Every Place Has a Story

2400 Motel: Vancouver’s 10th most endangered heritage site

the_title()

The 2400 Motel on Kingsway opened in 1946. It still has an old fashioned, retro feel and its huge red and blue neon sign. 

I discovered the 2400 Motel on Kingsway when I wrote Frommer’s With Kids Vancouver about a decade or so ago. Loved the old fashioned, retro feel of the place and its huge red and blue neon sign. The freshly painted green and white bungalows had the feel of a country cabin. Kids could play on the lawn outside, the rooms were clean and functional, and staying there was inexpensive.

2400 motel on Kingsway
Will Rafuse painting
Endangered List:

The 18 bungalows and the office have made Heritage Vancouver’s Top 10 Endangered hit list for 2011. “It’s really hard to isolate 10 sites in the city that are in danger—there are hundreds and hundreds that we could put on our list,” says Don Luxton, president of Heritage Vancouver.

People, says Luxton, are always surprised to find that a 1946 building is considered heritage. “Our city is only 125 years old,” he says. “Why would it not be a heritage site?”

Post-war car culture:

The heritage case for the 2400 Motel is that as an auto court, it is one of the last and best examples of post-war car culture. The 2007 Statement of Significance by Birmingham & Wood Architects for the City of Vancouver describes it as “a rare place of shared memories.”

“Not only did the 2400 function as a home-away-from-home for many travelers…but it has entered Vancouverite’s collective imagination as a seemingly immutable part of the city—a whole, miniature world from an earlier simpler time.”

The City of Vancouver bought the 2400 its three-acre site in 1989 as part of the proposed Norquay Village neighbourhood centre. But the plan, released earlier this year, lacks any heritage retention. Luxton says that while it’s unrealistic to expect the entire site be preserved, he’d like to see certain elements such as the neon sign and maybe one or two of the bungalows remain.

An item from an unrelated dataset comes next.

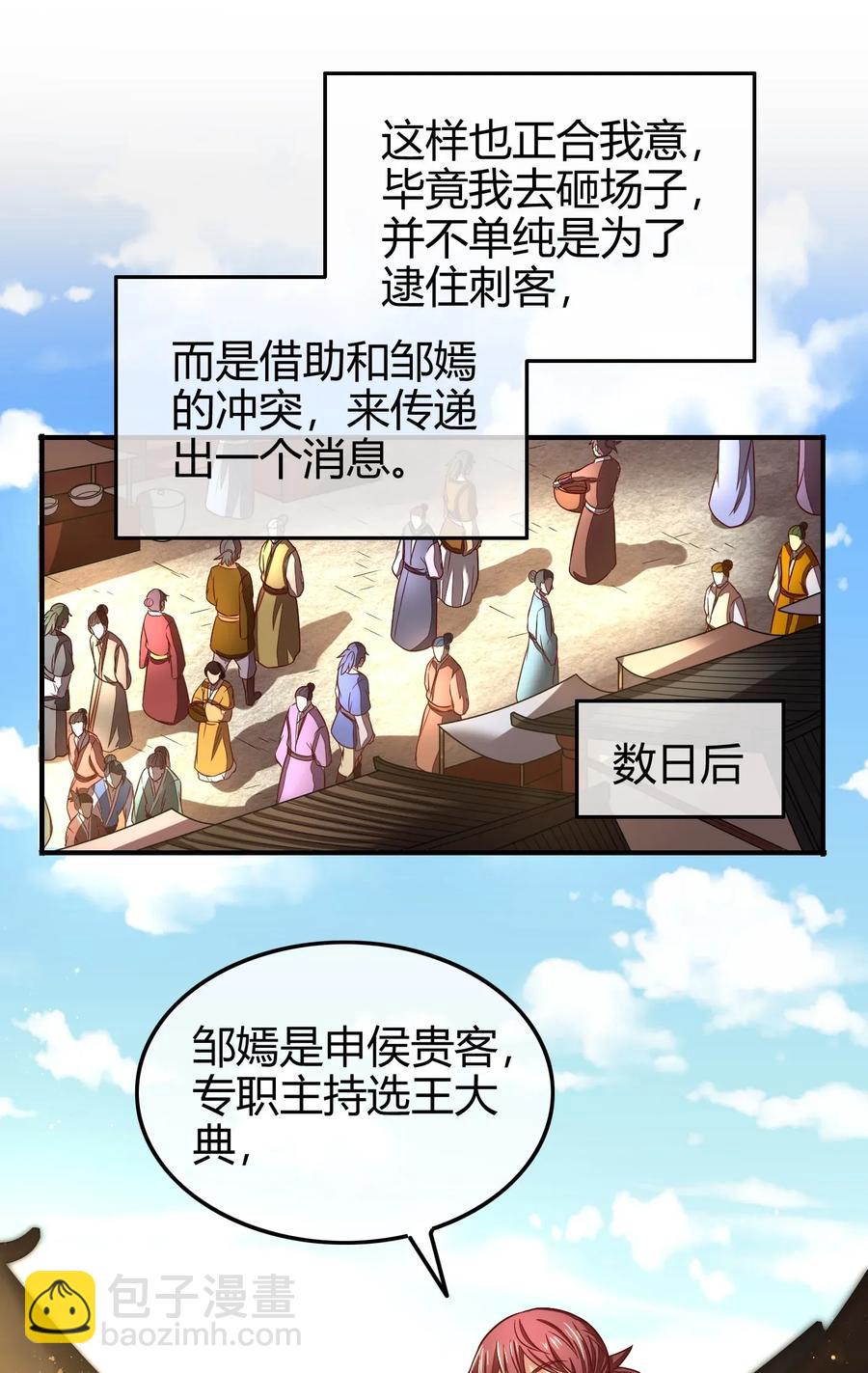 108 邹嫣的绝学(1/2)-第108话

“Will that happen or will this turn into a high-rise? We don’t know, but we’re sounding the alarm,” he says.

The other sites on the list in order of most endangered are: Carleton, Kitchener and Sexsmith Schools, Shannon Estate, Strathcona North of Hastings, Gordon T. Legg Residence, Collingwood Library, Lower Mount Pleasant and several Granville Street buildings from the 1880s.